Then we moved most of the content from the sample's other class, i.e, the JPanel, into a TopComponent, which integrates with the NetBeans Platform. We initially simply wanted to call the JPanel from the TopComponent and then add it to the TopComponent. I think that probably failed because the JPanel might have been getting instantiated (at least) twice. So we moved everything into the TopComponent, ran the NetBeans Platform, and there it was:

We also installed it into the Visual VM:

...and into NetBeans IDE:

In the latter case, we encountered a lot of problems because, as we eventually discovered, the Visual Web Pack has a security manager that conflicts with the security manager set in the tools.jar, which is where the JConsole API is located. We tried in vain to set security policies in various places before we discovered the culprit and then simply excluded the Visual Web Pack from the IDE. Then the JTop plugin worked without a problem.

And, because the original JTop plugin uses the cool new JDK6 SwingWorker class, the TopComponent is updated automatically in the background and the thread information is continuously current.

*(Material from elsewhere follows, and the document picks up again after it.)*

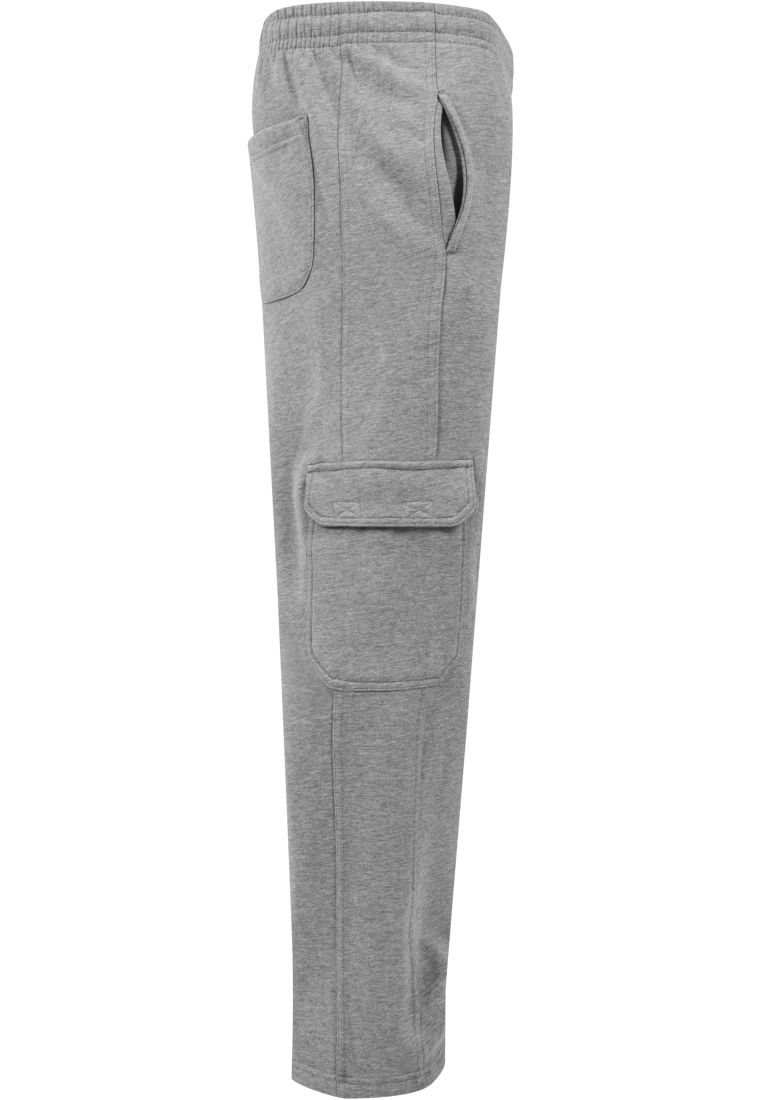 Cargo Sweatpants - Mens Pants - TTUTB031 - 277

Here is the complete TopComponent. You'll see that we didn't actually add any code ourselves. We had to hardcode the server and port number, currently there doesn't seem to be an obvious way to detect these. The original JTop plugin integrated with JConsole such that JConsole provided this information. Now that JConsole is no longer in the picture, that information needs to be obtained somehow. So, currently we've hardcoded it.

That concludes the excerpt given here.